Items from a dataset

####################

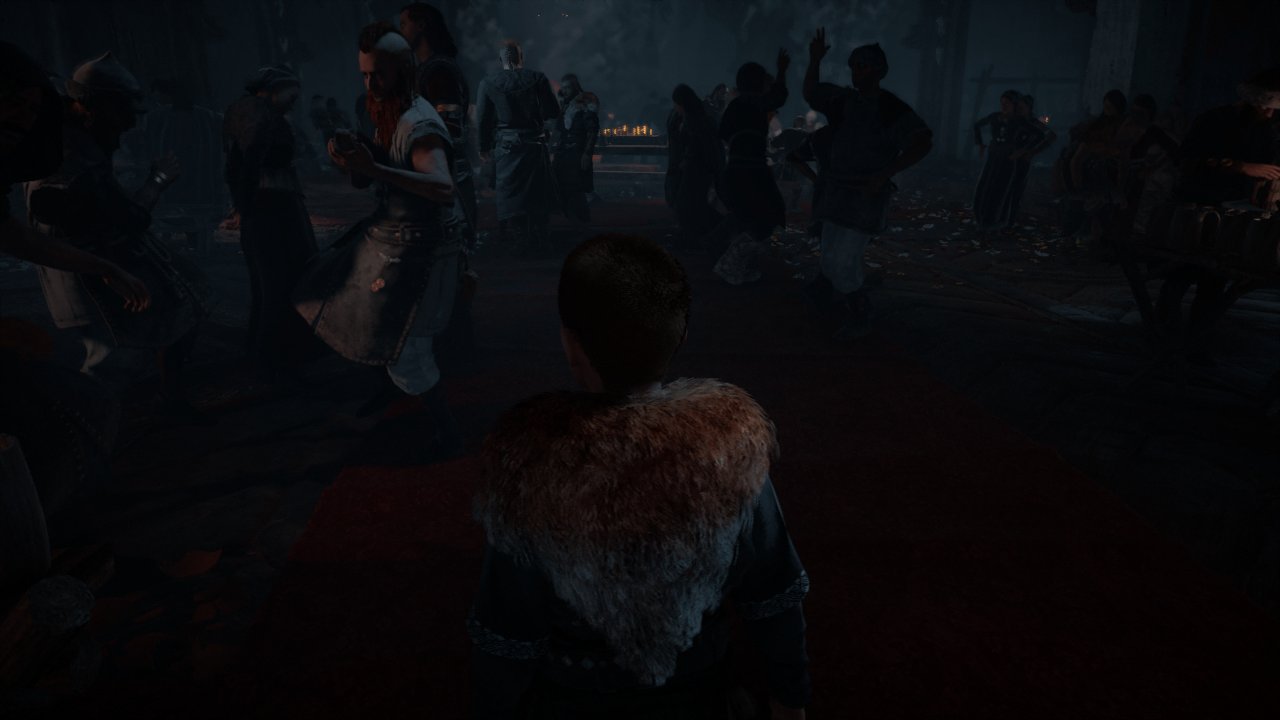 Assassin's Creed Valhalla ULTRA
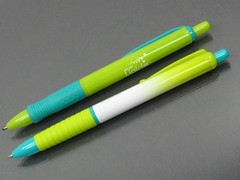 Beautiful Lialda PENS Drug Rep Pharmaceutical Promo Advertising Rare Lot of 2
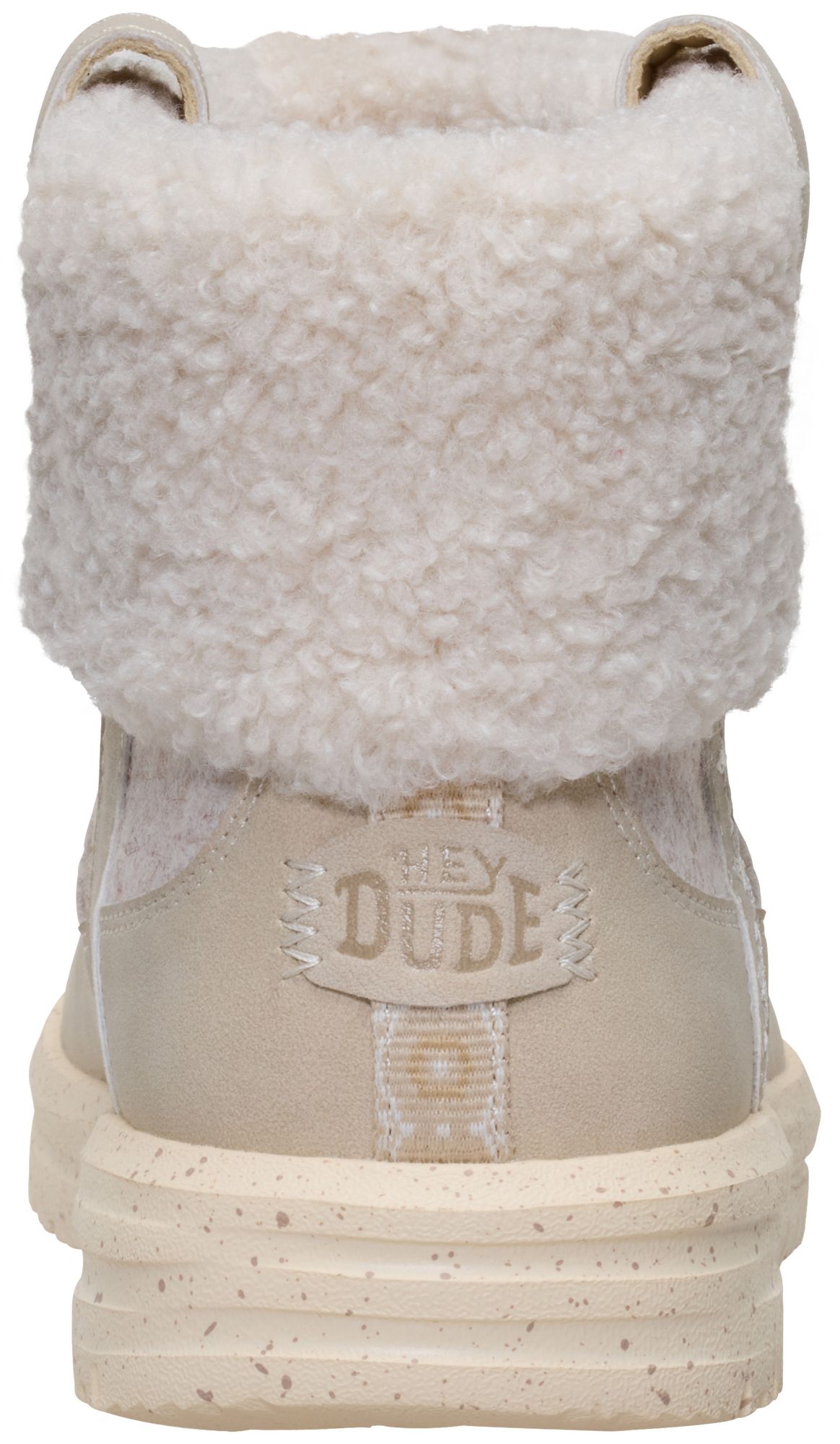 Hey Dude Women's Wendy Camden Cuff Cozy Boot product image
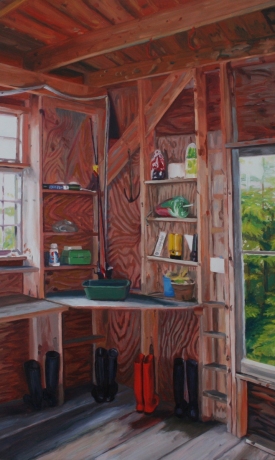 Boat-House-Little-Freese-maine-interior-architecture-still-life-francine-schrock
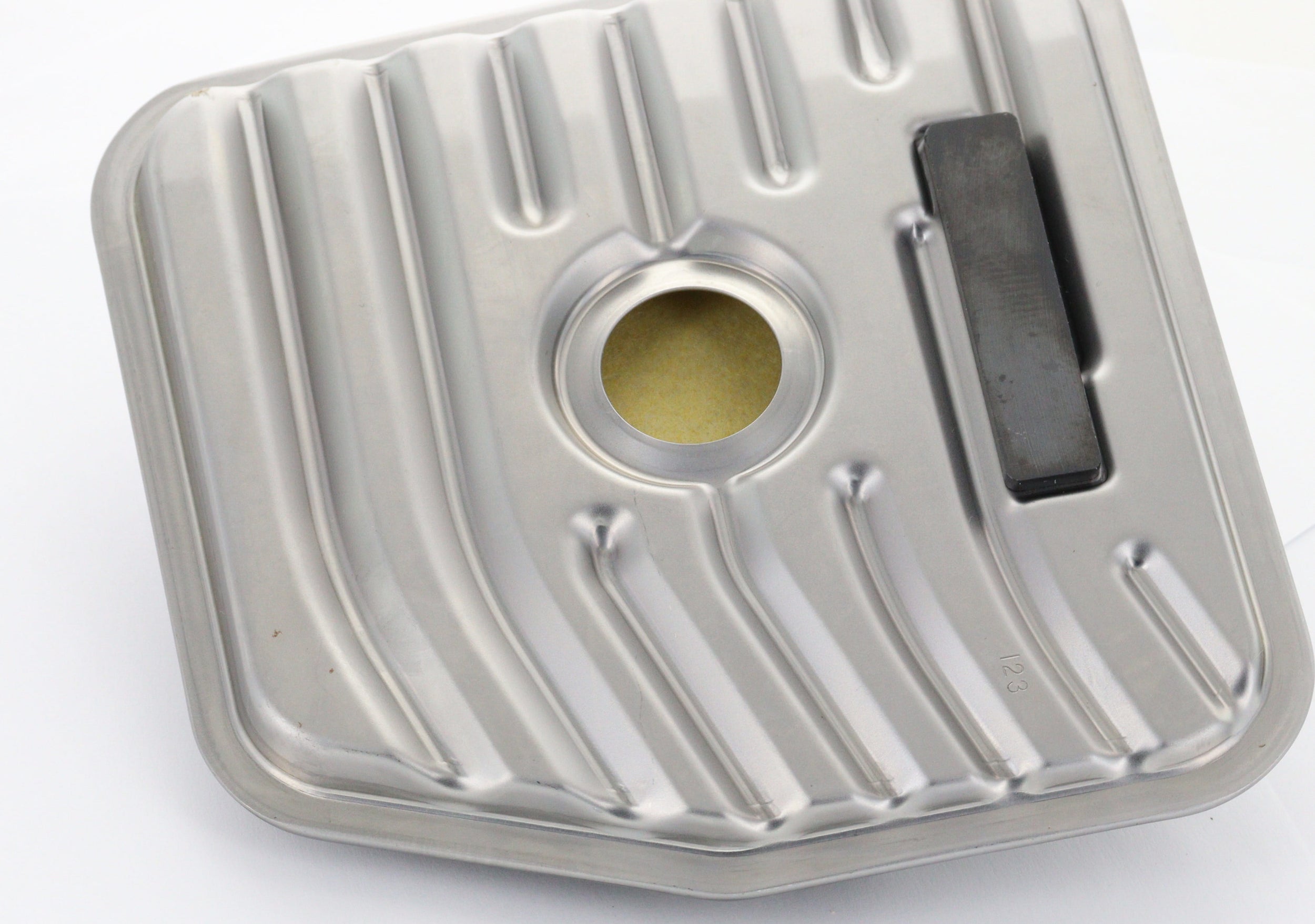 Mitsubishi Evo X SST transmission low pressure pickup filter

####################

WORK TASK>
Exactly as they appear above, print all the lines, but not the pictures.

WRITTEN RESPONSE>
 Assassin's Creed Valhalla ULTRA
 Beautiful Lialda PENS Drug Rep Pharmaceutical Promo Advertising Rare Lot of 2
 Hey Dude Women's Wendy Camden Cuff Cozy Boot product image
 Boat-House-Little-Freese-maine-interior-architecture-still-life-francine-schrock
 Mitsubishi Evo X SST transmission low pressure pickup filter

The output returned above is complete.